Input data:
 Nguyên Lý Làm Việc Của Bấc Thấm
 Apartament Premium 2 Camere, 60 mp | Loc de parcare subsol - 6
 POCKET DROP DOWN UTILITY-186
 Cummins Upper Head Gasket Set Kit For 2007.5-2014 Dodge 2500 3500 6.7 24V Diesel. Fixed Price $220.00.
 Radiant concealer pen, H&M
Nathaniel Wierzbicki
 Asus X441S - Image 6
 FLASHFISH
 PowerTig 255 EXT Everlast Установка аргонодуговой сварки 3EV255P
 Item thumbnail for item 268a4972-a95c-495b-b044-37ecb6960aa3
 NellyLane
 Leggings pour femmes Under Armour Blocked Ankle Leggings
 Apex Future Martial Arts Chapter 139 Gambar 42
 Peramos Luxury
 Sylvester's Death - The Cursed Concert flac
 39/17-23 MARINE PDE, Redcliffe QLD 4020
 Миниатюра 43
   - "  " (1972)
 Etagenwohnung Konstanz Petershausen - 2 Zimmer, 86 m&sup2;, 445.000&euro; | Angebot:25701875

* * *

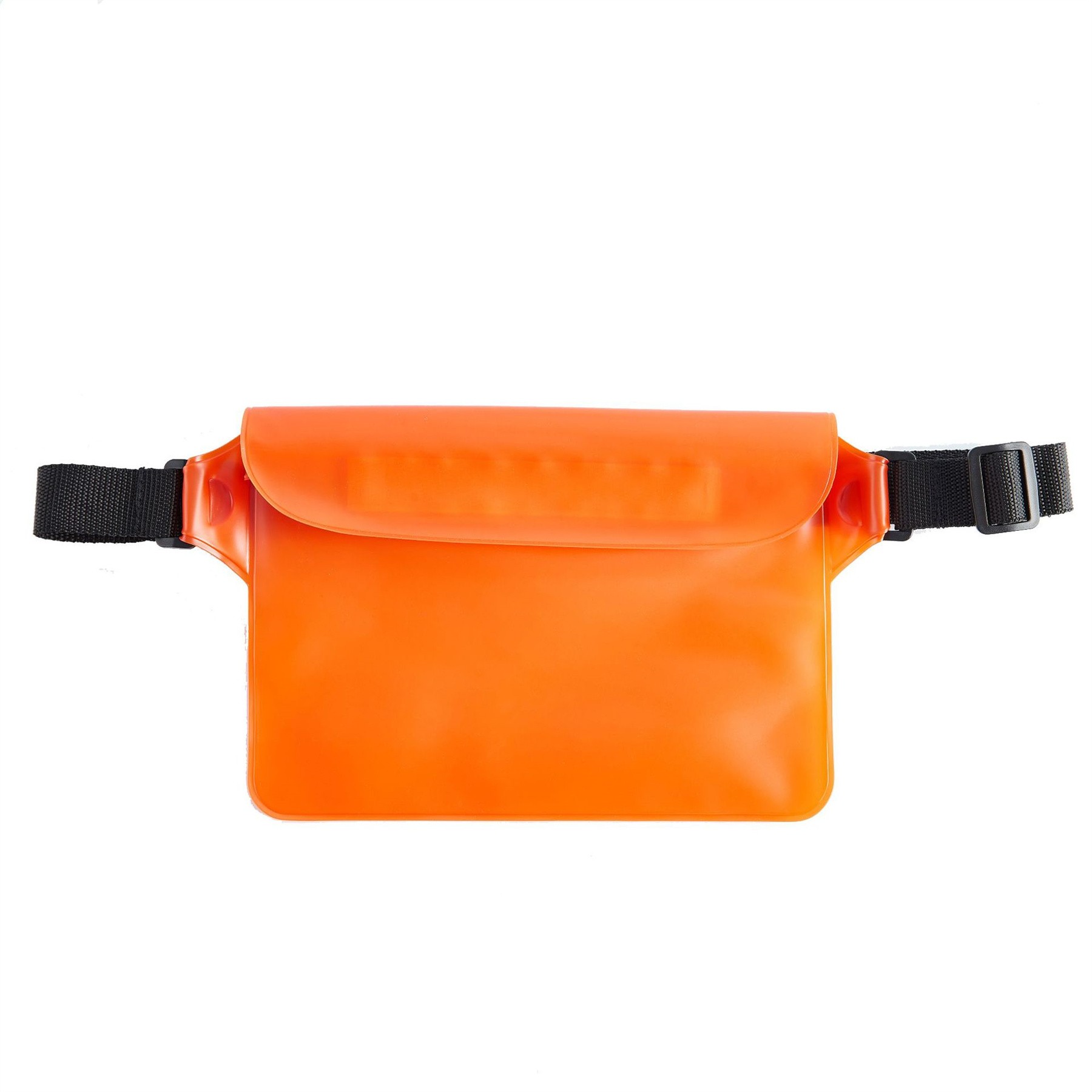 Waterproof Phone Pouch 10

What you are asked to do:
Write down exactly the span of lines above from the one containing "Asus X441S - Image 6" to the one containing "Etagenwohnung Konstanz Petershausen", both ends included.

Task answer:
 Asus X441S - Image 6
 FLASHFISH
 PowerTig 255 EXT Everlast Установка аргонодуговой сварки 3EV255P
 Item thumbnail for item 268a4972-a95c-495b-b044-37ecb6960aa3
 NellyLane
 Leggings pour femmes Under Armour Blocked Ankle Leggings
 Apex Future Martial Arts Chapter 139 Gambar 42
 Peramos Luxury
 Sylvester's Death - The Cursed Concert flac
 39/17-23 MARINE PDE, Redcliffe QLD 4020
 Миниатюра 43
   - "  " (1972)
 Etagenwohnung Konstanz Petershausen - 2 Zimmer, 86 m&sup2;, 445.000&euro; | Angebot:25701875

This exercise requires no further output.